Data supplied
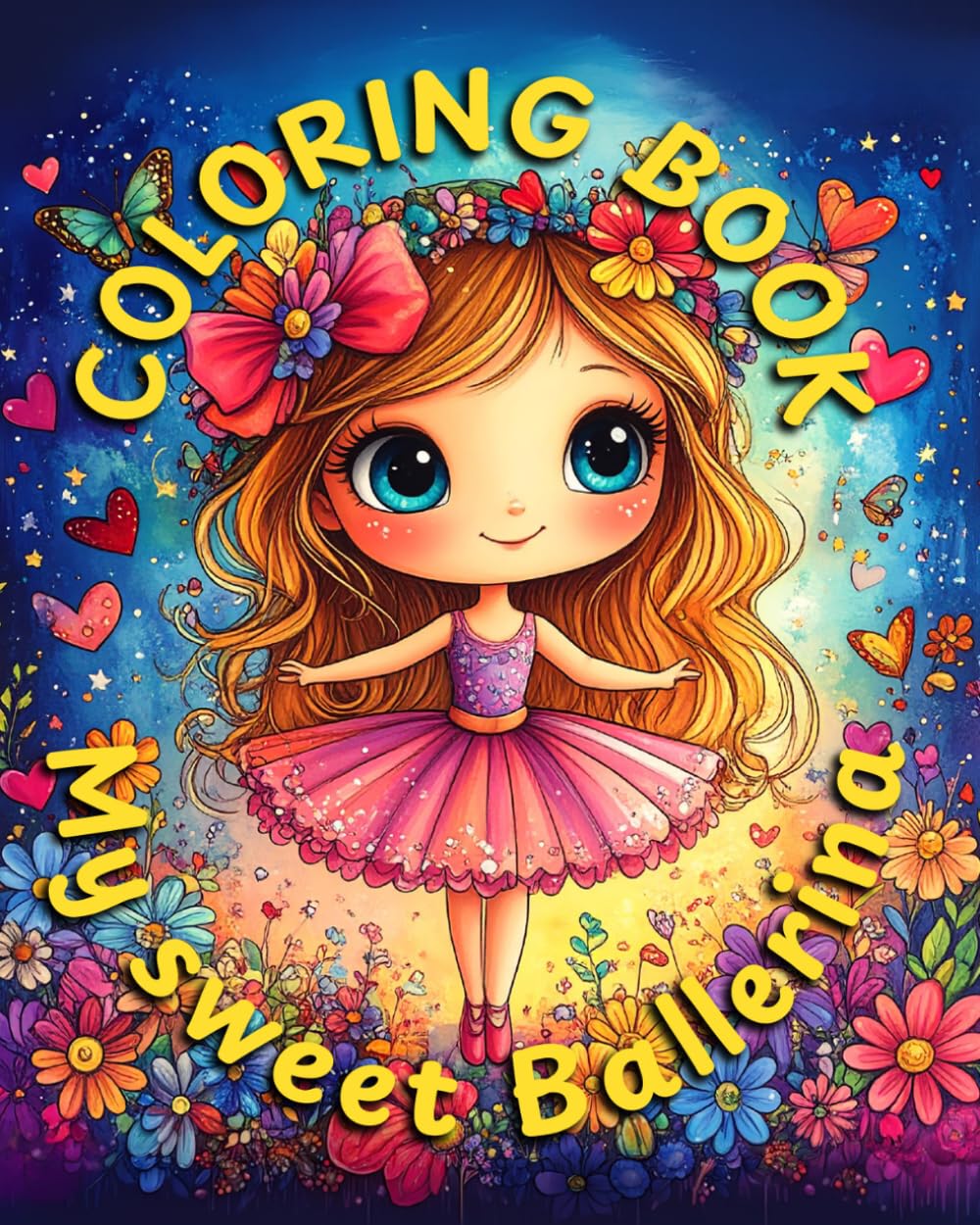 COLORING BOOK: My sweet Ballerina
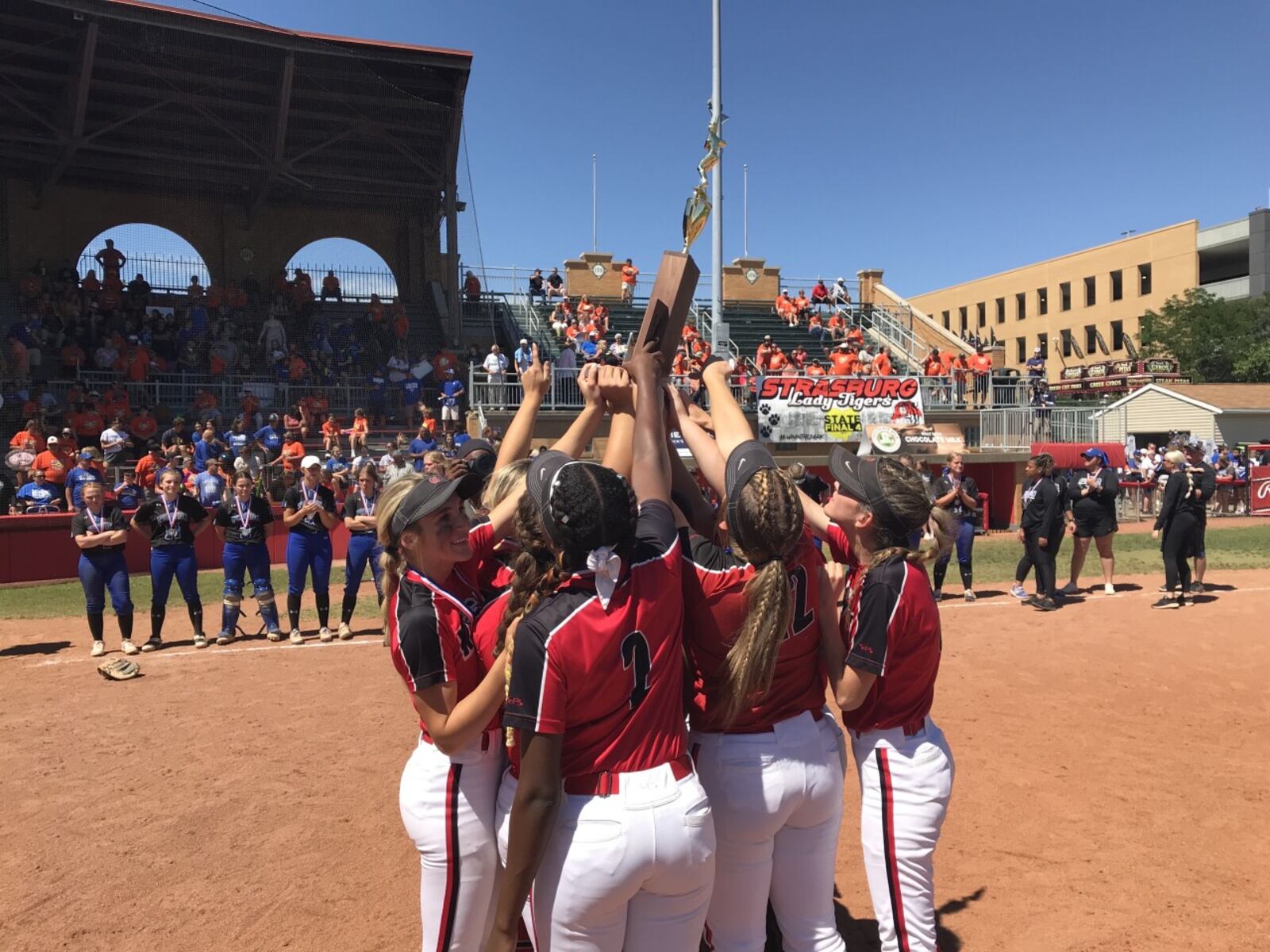 The Lakota West Firebirds won the Division I softball state championships on Saturday in Akron. MIKE DYER / CONTRIBUTED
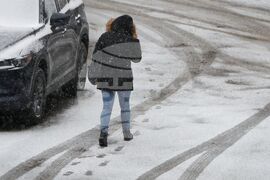 Бургас - снеговалеж - обстановка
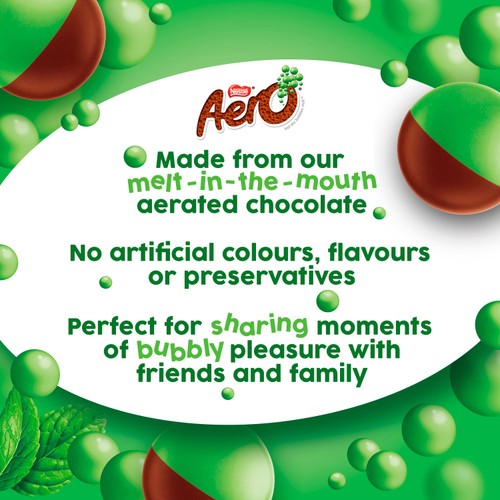 Aero Bubbles Peppermint Mint Chocolate Sharing Bag
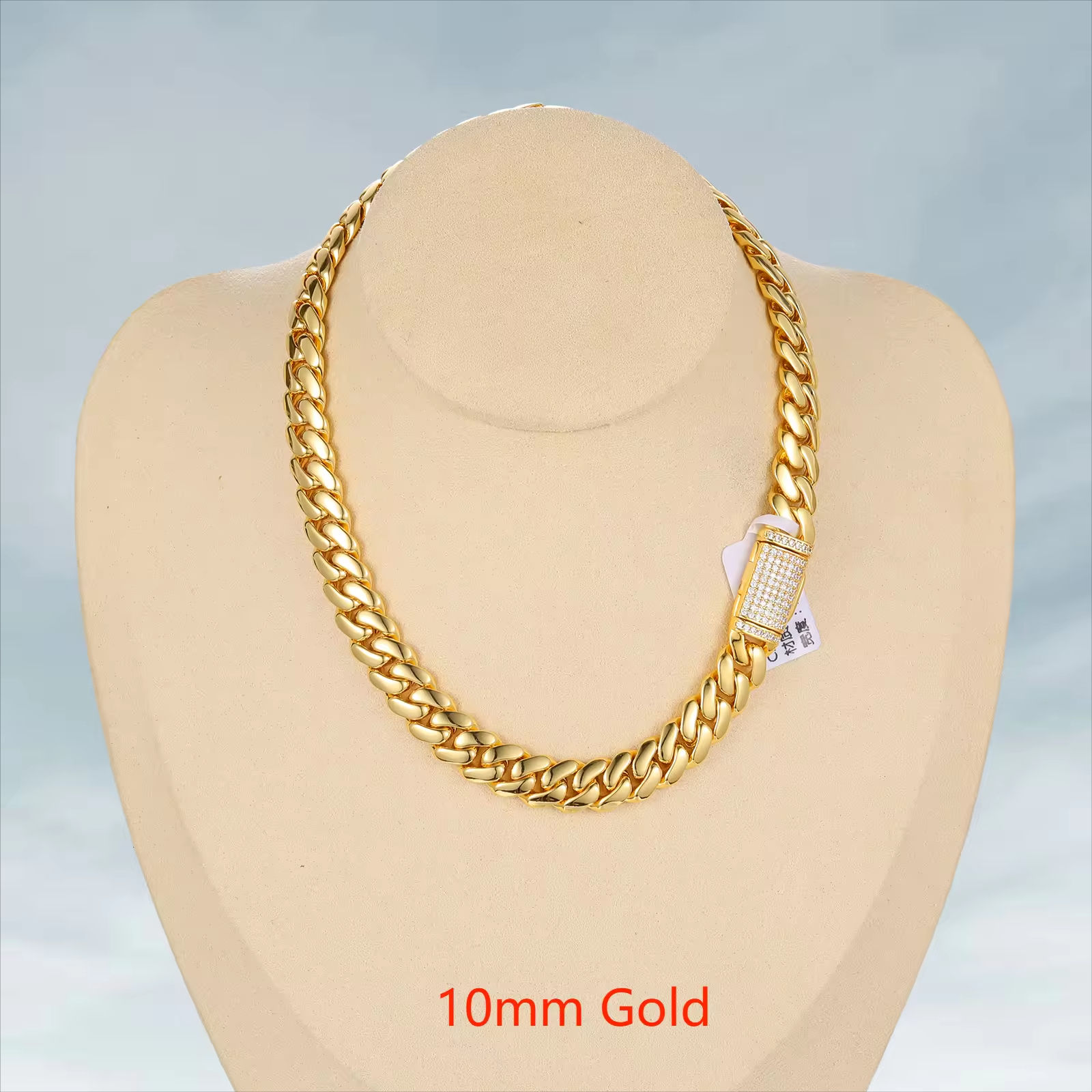 SKU-01-10mm หัวเข็มขัดเคลือบน้ำแข็ง-ทอง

Description of the task
Write out the lines of the listing from the one that holds "Бургас - снеговалеж - обстановка" to the very last line, both included, exactly as they appear and without any pictures.

Your response
 Бургас - снеговалеж - обстановка
 Aero Bubbles Peppermint Mint Chocolate Sharing Bag
 SKU-01-10mm หัวเข็มขัดเคลือบน้ำแข็ง-ทอง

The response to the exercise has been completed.